在上面的代码中，我们主要关注newBlockReader方法中，读文件块传送的数据部分。

首先，我们看到请求的最前面两个字段，分时是接口版本号(DataTransferProtocol.DATA_TRANSFER_VERSION)和操作码(DataTransferProtocol.OP_READ_BLOCK
)，版本好确保通信双方对数据帧的理解是一致的，紧接着一个自己操作码表明操作的目的，这个两个域会出现在所有的数据节点流接口请求中。

请求接下来是数据块ID(blockId)和数据块版本号(genStamp,实际就是文件块创建的时间)，根据这两个参数，数据节点可以确保操作的目标数据块。如同普通的文件读操作需要指定请求数据的开始位置和需要的数据长度，读数据块也需要提供偏移量(startOffset)和数据长度(len)。通过上述4个参数，发起读请求的客户端明确了这次请求获得的数据。

接下来的客户端名字(clientName)是一个字符串，只用于日志输出中，访问令牌(accessToken)则是执行Hadoop安全检查的需求。

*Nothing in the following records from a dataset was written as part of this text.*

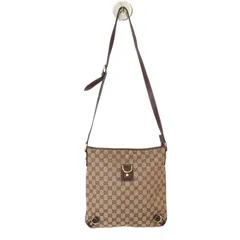 【希少】GUCCI グッチ GGキャンバス ショルダーバッグ ロゴ金具 アビー ビンテージ vintage ブラウン レディース クロスボディー 斜め掛け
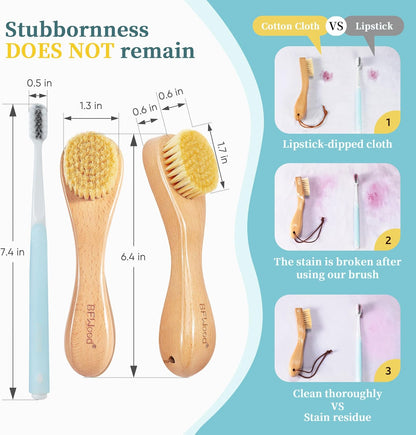 BFWood 2PCS Laundry Stain Brush - Natural Soft Boar Bristles, Removes Tough Stains from Delicate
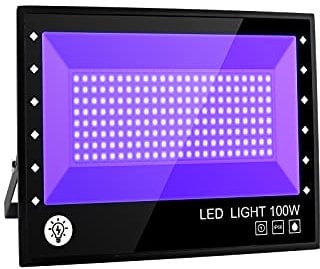 BOSITE LED Schwarzlicht Strahler, 100W UV Party Scheinwerfer, Blacklight Mit Kabel Fluter IP66 Wasserdicht Lampe für Halloween Aquarium Konzert Party, Bar, Neonfarben
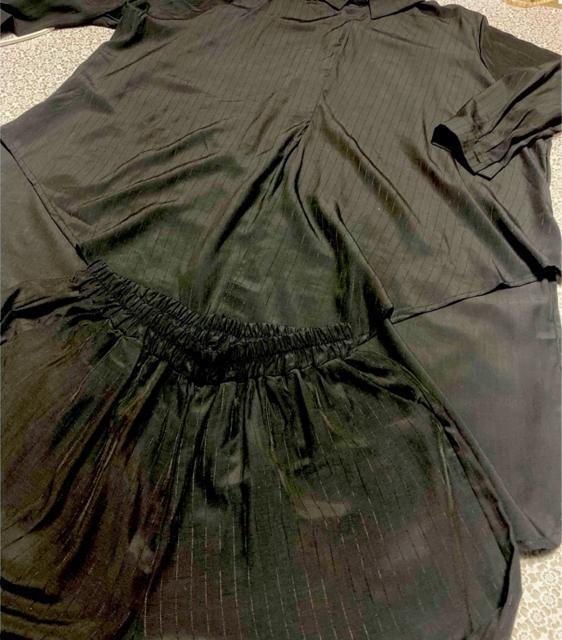 セットアップ ストライプ柄 前結びブラウス ガウチョパンツ ブラック 大きいサイズ < 女性ファッション セットアップ ストライプ柄 前結びブラウス ガウチョパンツ ブラック 大きいサイズ < 女性ファッションの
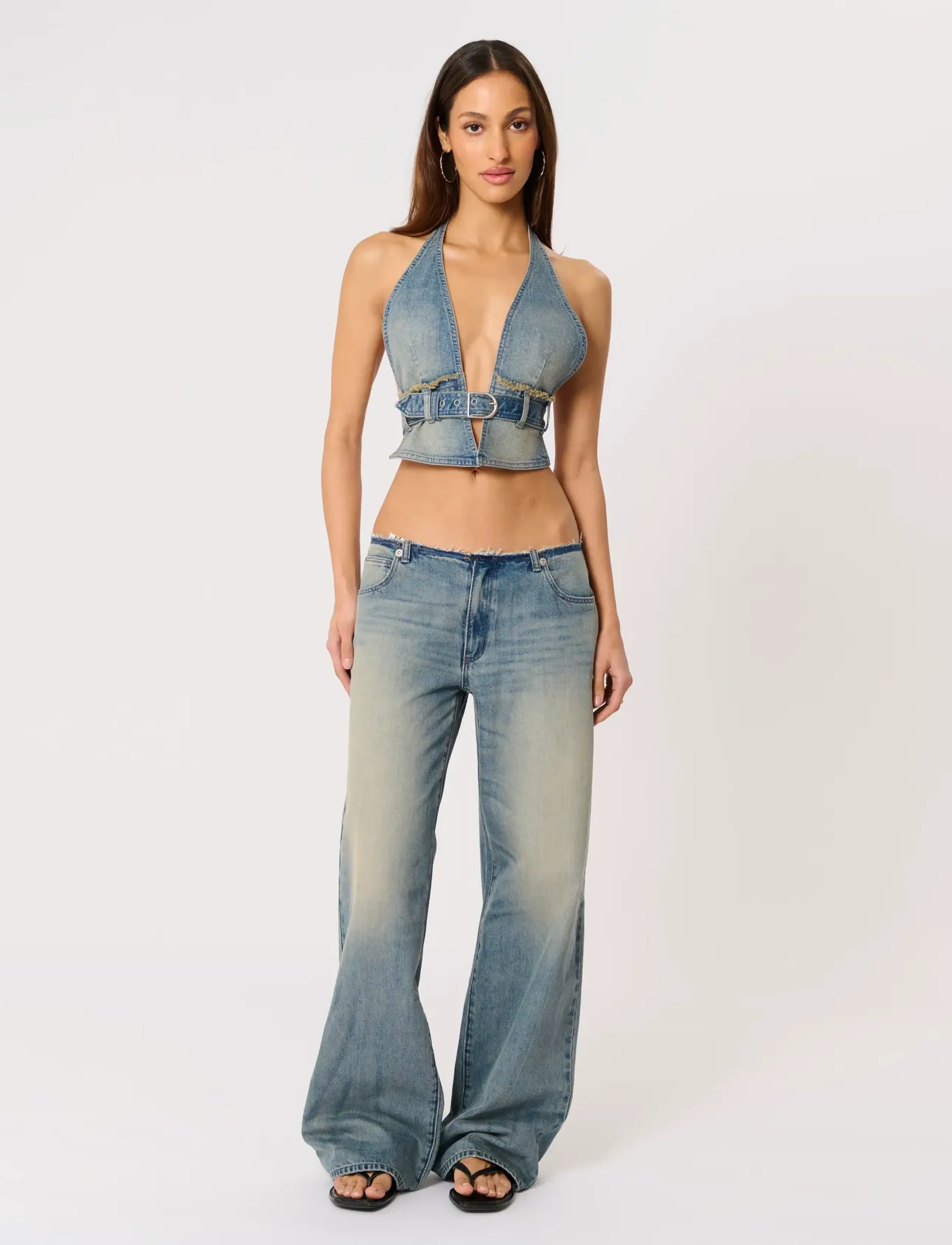 ABRAND 99 Low Baggy Mikeymikey, Kvinder, Højtaljede Baggy Jeans, Blå, Str: 22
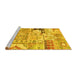 Sideview of Machine Washable Persian Yellow Traditional Rug, wshtr3567yw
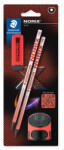 STAEDTLER Grafitceruza készlet, hegyezővel, radírral, HB, STAEDTLER "Norix® 181", piros (181 SBK2-2) - mystock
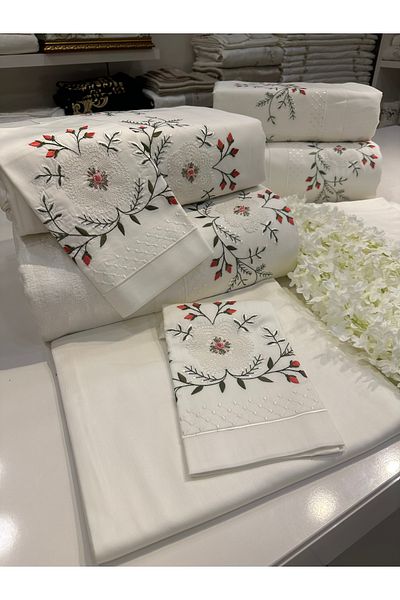 incisecrethome Handcrafted Needle Embroidered, Rococo Brazilian Embroidered Pique and Duvet Cover Set 7 Pieces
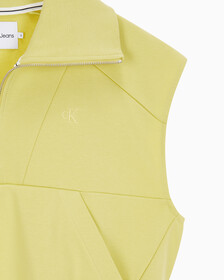 Buy 여성 드롭숄더 하프집업 슬리브리스 니트탑 in color YELLOW SAND
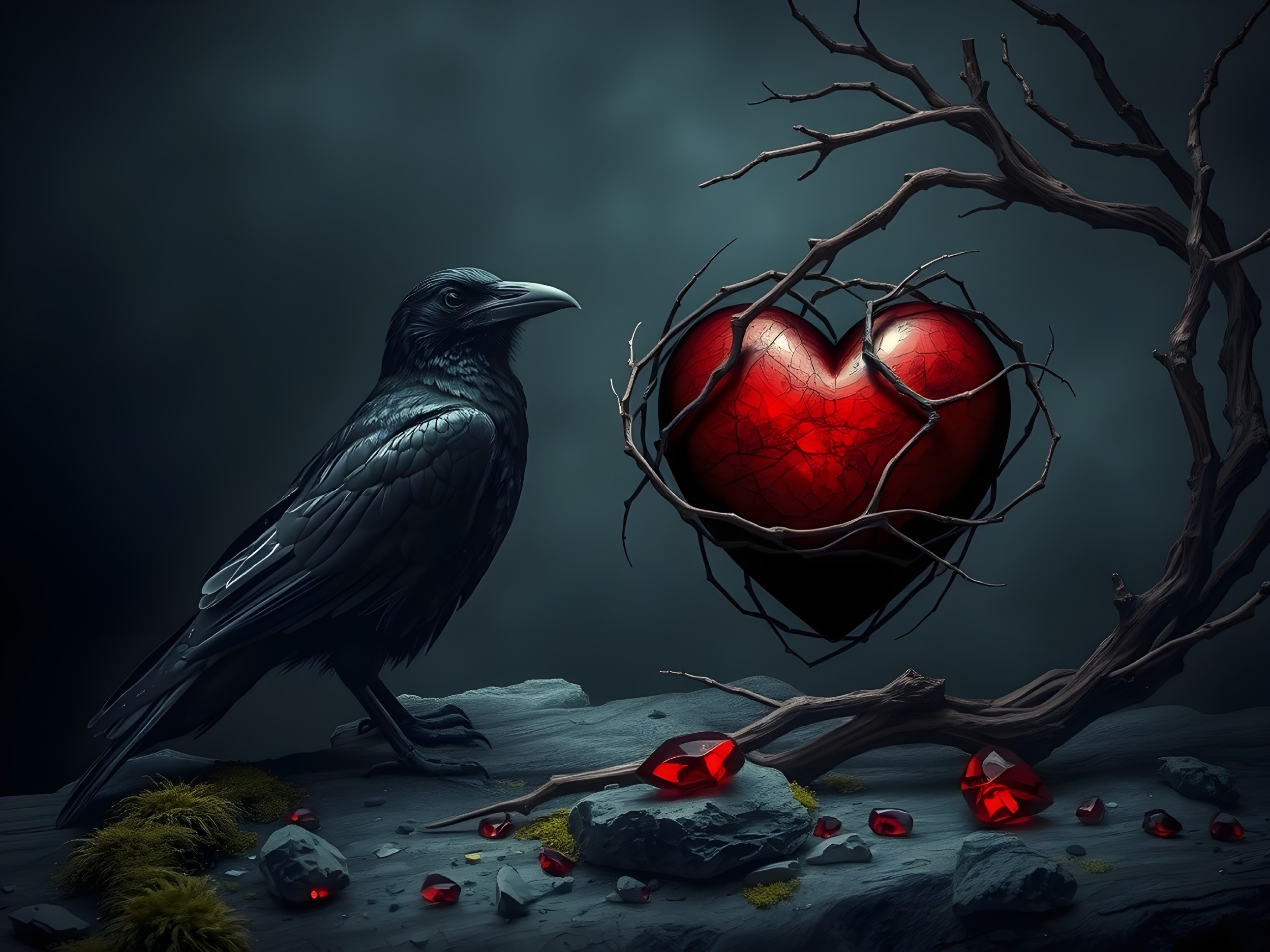 Dark Scene with Raven and Cracked Red Heart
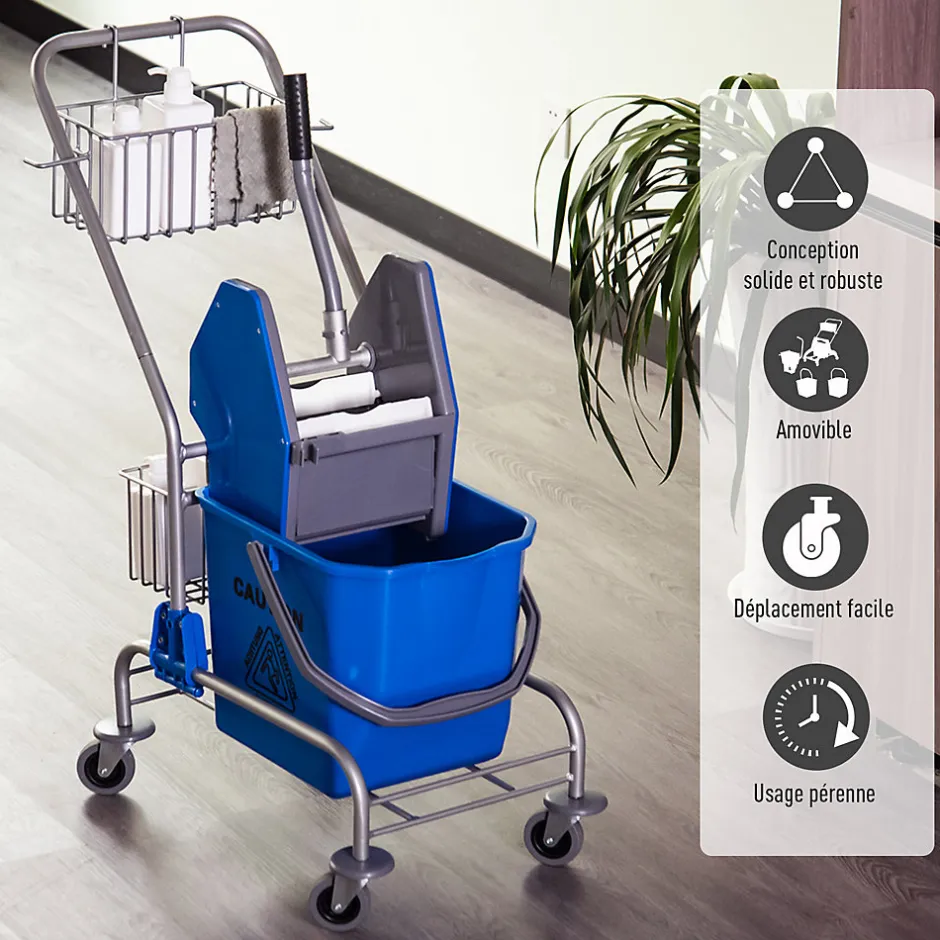 Homcom Chariot de lavage chariot de nettoyage professionnel en acier presse à mâchoire seau + rangements bleu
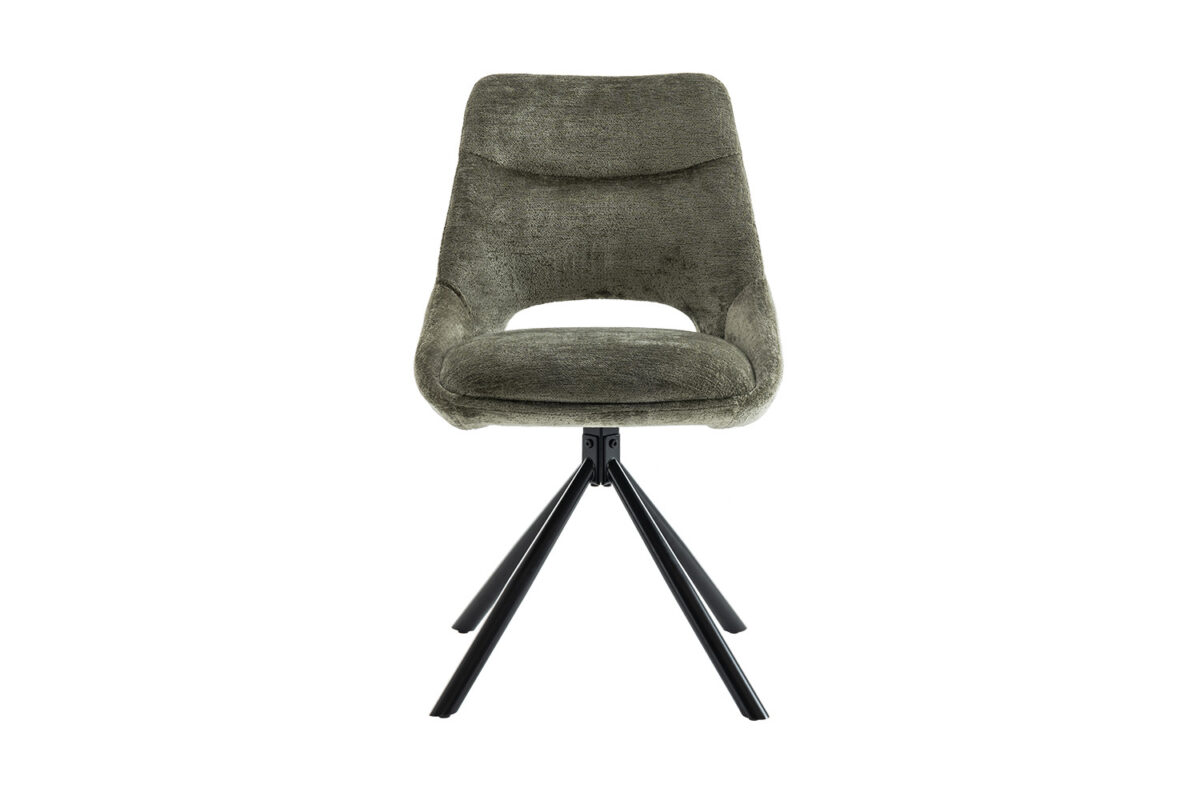 Moderne draaistoel met een stoffen bekleding in een neutrale kleur en een zwart metalen onderstel.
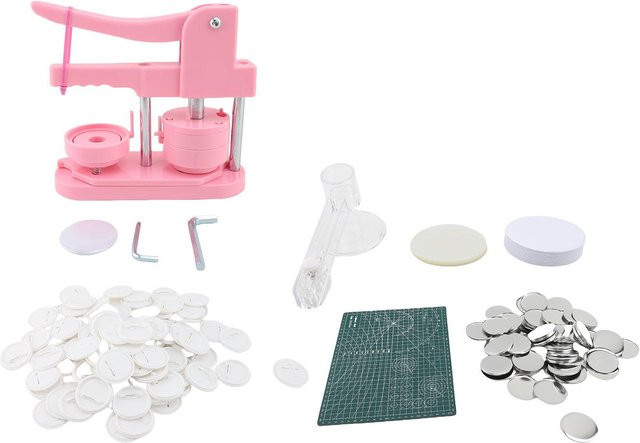 ZuiyouBeauty1 Knopferstellmaschine für runde Pin-Kits und Abzeichen in Pink - Bild 1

读请求的响应也有一定的帧结构，首先是应答头(如：OP_STATUS_SUCCESS)，接下来是一系列的数据包。为了保证数据的完整性，HDFS为每个数据块保持了响应的校验信息，校验基于块，块大小默认值为512字节，即从数据块开始，每512字节就会产生一个4字节的校验和。在读/写数据块时，也需要维护基于流的数据读写和基于块的校验和的关系。

2、写数据

写数据操作的复杂程度远朝读数据操作，该操作用于往数据节点上的某一数据块上追加数据，其操作码为(OP_WRITE_BLOCK)80。在介绍写数据前，先来考察HDFS写数据的数据流管道。

数据流管道是Google实现他们的分布式文件系统(GFS)时就已经引入，其目的是：在写一份数据的多个副本是时，可以充分利用集群中的每一台机器的带框，避免网络瓶颈和高延时的连接，最小化推送所有数据的延迟。Hadoop文件系统也是先了文件数据流管道。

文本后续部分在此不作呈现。